En retrospectiva, podemos decir que nuestra experiencia en Lollapalooza fue súper importante. Teníamos hartas expectativas porque nunca habíamos participado en un festival tan grande. Además, sabíamos que para nuestra carrera significaba un salto muy importante, que nos iba a ver mucha gente especialmente mucha gente extranjera. Había muchos colombianos, peruanos, brasileños y argentinos en el público en ese momento. Y la Cúpula, donde tocamos, estaba repleta. Hubo mucha gente que no nos pudo ver porque se quedó afuera. Fue bakán y yo creo que igual hay como un antes y un después de esa presentación.

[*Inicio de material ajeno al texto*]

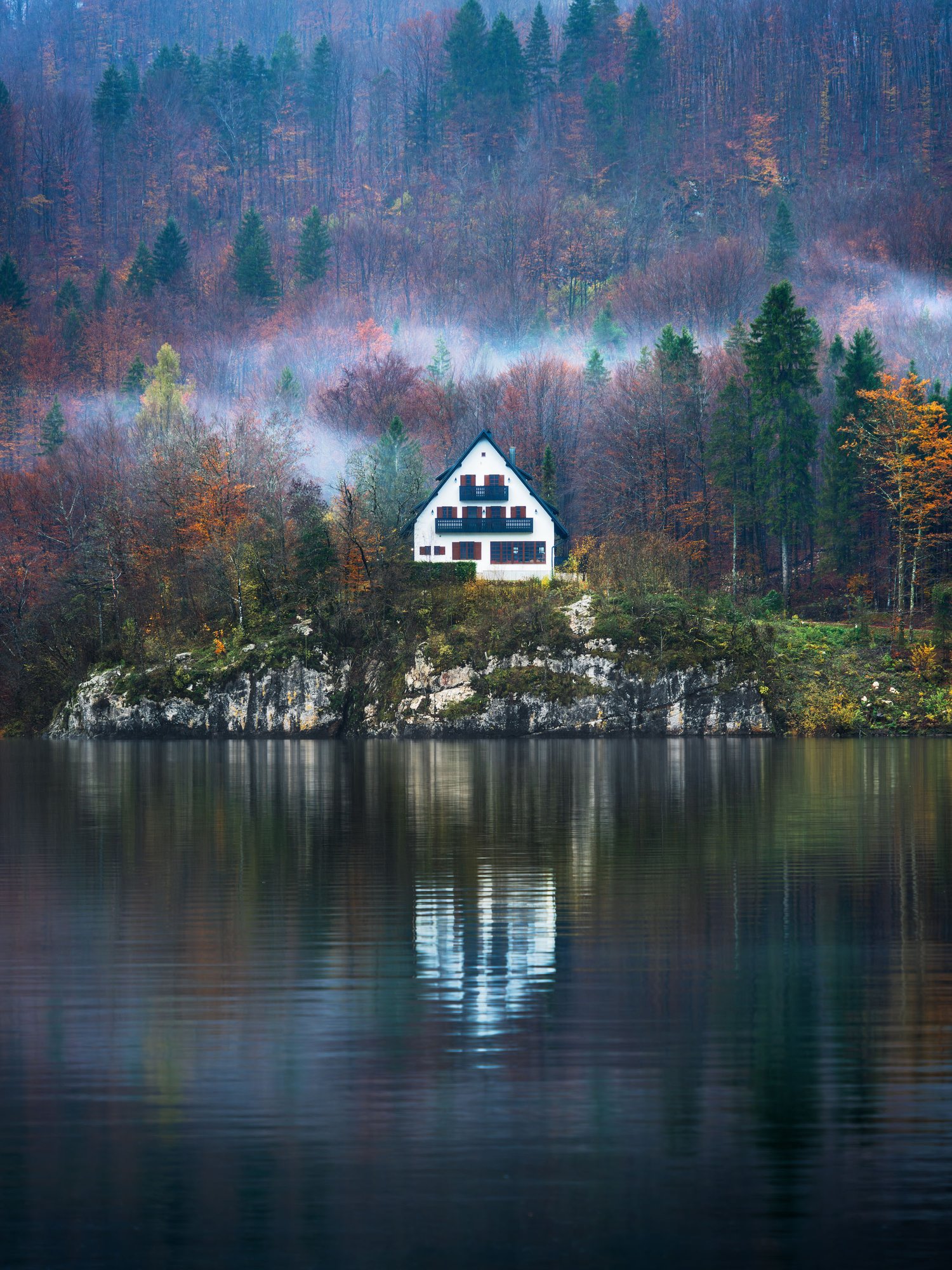 Lake Bohinj 2025 house reflection autumn fog moody landscape photography house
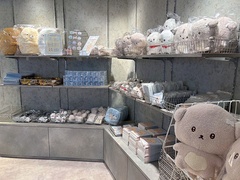 店舗に併設された物販コーナー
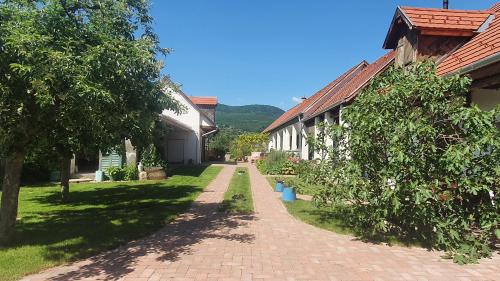 Mayday Cottage - Apartment - Pócsmegyer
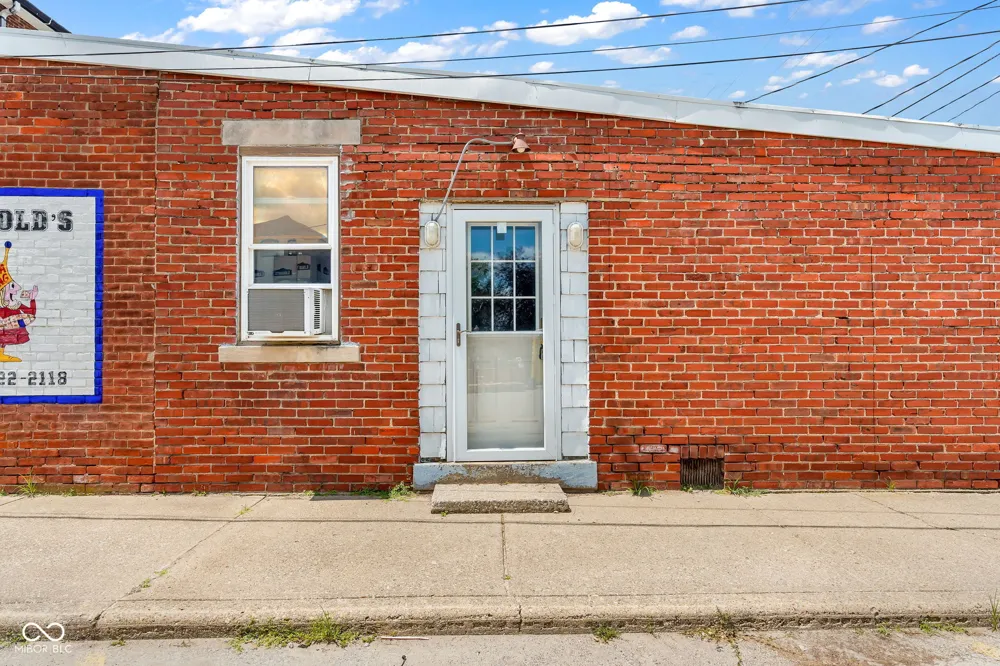 204 Meridian Street Roachdale, IN 46172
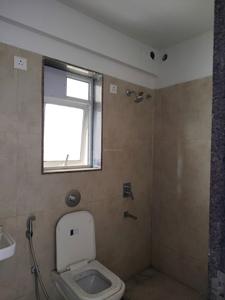 Common Bathroom Image of 600 Sq.ft 1 BHK Apartment / Flat for rent in Raunak Unnathi Woods Phase 3, Kasarvadavali Thane for Rs. 16000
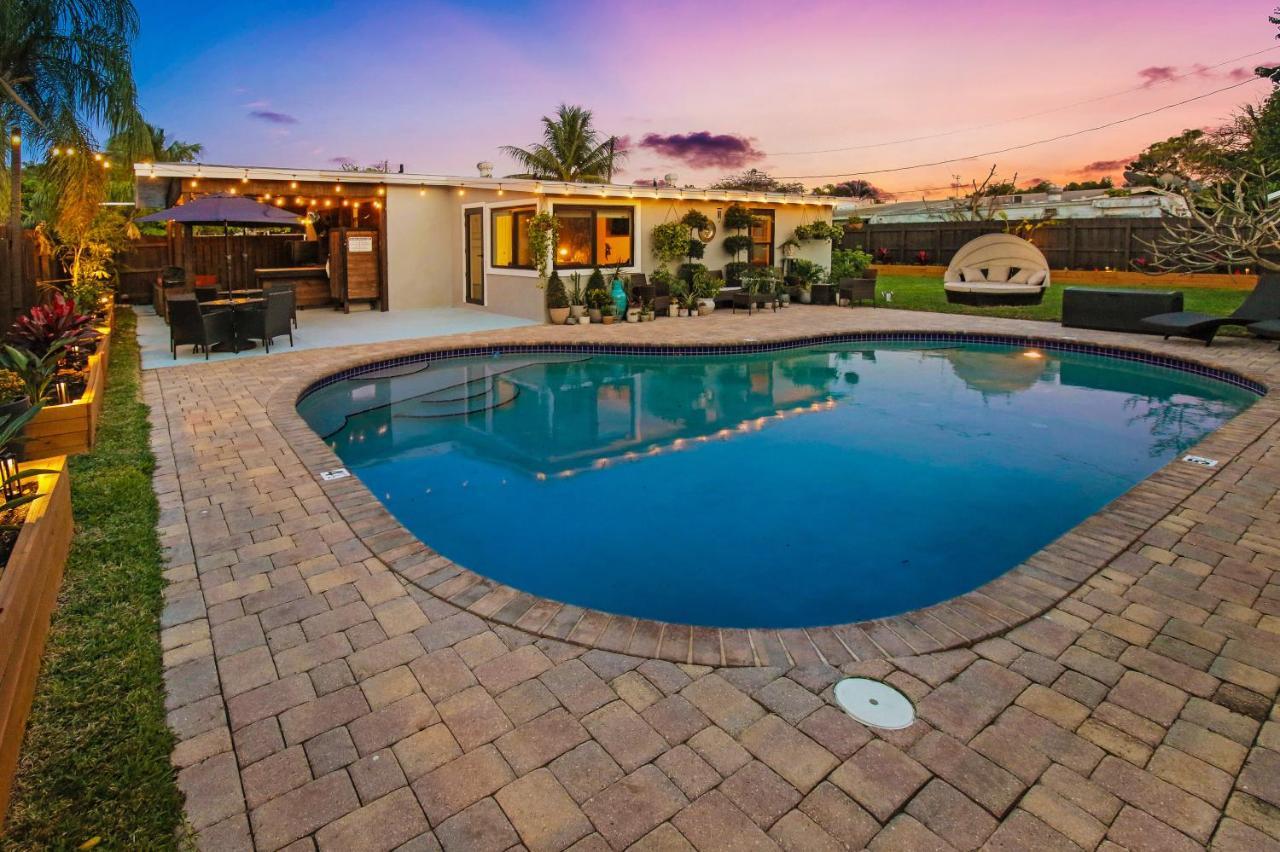 Private Heated Pool Oasis Pet-friendly Retreat Short Or Long Sleeps 2-8 Ppl Villa *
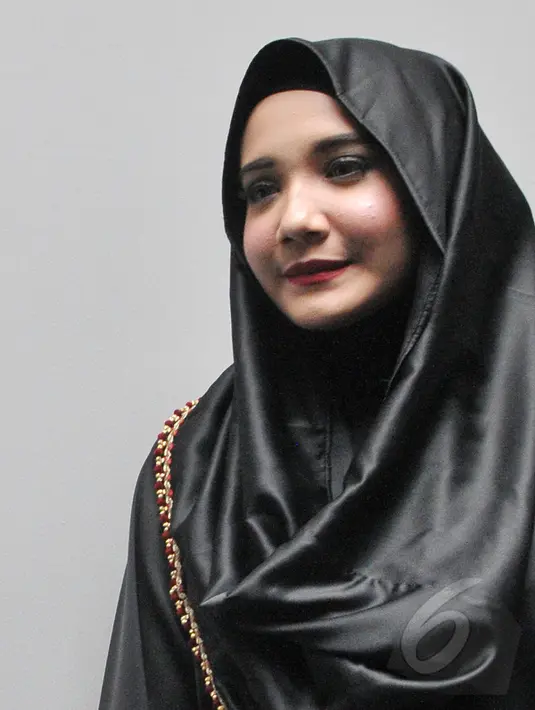 Artis sekaligus desainer Zaskia Sungkar semakin dikenal dengan gaya hijab yang fashionable. Foto diambil di SCTV Tower, Jakarta, pada 11 Mei 2015. (Liputan6.com/Herman Zakharia)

Antes del festival, empezaron a circular carteles falsos donde estábamos metidos nosotros y era raro, porque hablabas con otras bandas y todos se pasaban el rollo de ‘Ah, nos podrían invitar’. Pero yo no cachaba y en verdad me enteré que estábamos oficialmente en el line up la noche anterior. Fue muy sorpresivo.Ese día, el primero de Lollapalooza, me levanté como a las 6am, y me di cuenta de que la noche anterior había perdido el computador donde teníamos todas las bases con que teníamos que tocar. No teníamos plan B. Fue el tremendo condoro y casi me pegan. En la mañana, cuando fuimos a buscar los instrumentos, empezamos a recorrer todos los lugares donde habíamos estado la noche anterior y terminamos en una Copec. Ahí lo encontré, me lo habían guardado. Lo había dejado ahí tirado y no me di cuenta. Fue horrible. Y las señoras de la Copec se burlaban de mí y yo me sentía muy agradecido, no lo podía creer.Después de eso, todo funcionó súper bien, especialmente la organización. Llegamos allá tipo 7:30am, muy temprano y encontramos todo montado, por lo que pudimos probar sonido con tiempo y súper tranquilos. Fue una súper buena experiencia y al final, a pesar del computador, todo funcionó todo como reloj.